- Born: 1847 Whitehouse, County Antrim, Ireland
- Died: 16 July 1923 (aged 75–76) Llandudno, Wales
- Other names: Madame Christen
- Known for: Geology, botany, art
- Spouse: Rodolphe Christen (m. 1900)

= Sydney Mary Thompson =

Irish geologist, scientific illustrator, photographer and author

Sydney Mary Thompson (also known as Madame Christen; 1847 – 16 July 1923) was an Irish geologist, botanist and artist.

== Background and family life ==
Thompson was born in Whitehouse, County Antrim, the daughter of James Thompson, a Belfast linen merchant. Her uncle was the naturalist William Thompson. She described her childhood as "amphibious"; her family home was at Macedon Point and she frequently explored the coastline with her brother in a small boat. She spent three years in Dresden, Germany, then studied art at the Belfast Government School of Art, beginning in 1870, and later in London.

In 1900, she married Swiss artist Rodolphe Christen. The couple later moved to Scotland.

== Geology ==
An active member of the Belfast Naturalists' Club, Thompson organised lectures and practicals, showing a particular interest in stratigraphy and petrography. Her original fieldwork mostly concerned sources of material in the glacial deposits of northern Ireland.

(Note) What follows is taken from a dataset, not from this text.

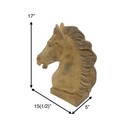 Horse Head Bust Large Stallion Plaster Statue Vintage Equestrian Decor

She was a friend and collaborator of northern Irish geologist Mary Andrews, and together they worked on glacial erratics, collecting samples, mapping and naming erratics with the aim of finding out the direction of ice flow in Ulster. As the secretary of the Belfast Field Club, her reports were published in the club's Proceedings.

In 1894, Thompson was elected to the Glacialists' Association.

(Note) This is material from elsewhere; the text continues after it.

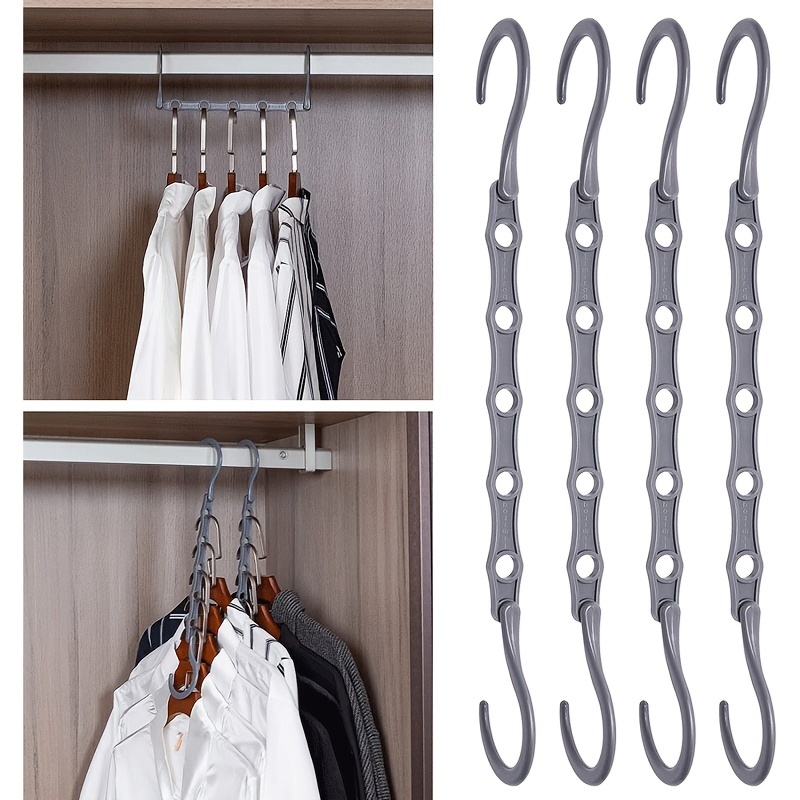 Space Saving Hangers Metal Hanger Magic Cascading Hanger Closet Clothes  Organizer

Some time between 1907 and 1910, Thompson discovered a piece of Ailsa Craig microgranite at Moys, near Limavady, County Londonderry. The granite erratic showed the westernmost extent of the Irish Sea Glacier, as it had been carried south by the glacier from Scotland and its incorporation into glacial sediments allowed the route of the glacier to be mapped. Thompson's discovery placed the western limit of the glacier 20 mi further west than its previous designation.

== Art ==
Thompson won many prizes for her art, and was a member of the Belfast Ramblers' Sketching Club and the Belfast Art Society, of which she became patron in 1921.

== Death ==
Madame Christen passed of heart failure at Llandudno in July, 1923.

== Bibliography ==
- SM Thompson
- "A Plea for Irish Glaciology", Irish Naturalist, vol. iii, 1894, p 30.
- "The Belfast Field Club Donegal", Irish Naturalist, vol iii, 1894, p 226.
- "Geology (of Co. Galway)", Irish Naturalist, vol iv, 1895, p 225.
- "Glacial Geology of Kerry" (note on): Irish Naturalist, vol viii, 1899, p 61.
- "The Supposed Occurrence of White Lias at Macedon Pt.", Irish Naturalist, vol ix, 1900, p 154.

- Madame Christen
- "Investigations into the Glacial Drifts of the Northeast of Ireland", Irish Naturalist, vol xi, 1902, p 275.
- "A summary of the [BNF] Club's recent Glacial Work", Irish Naturalist, vol xv, 1906, p 80.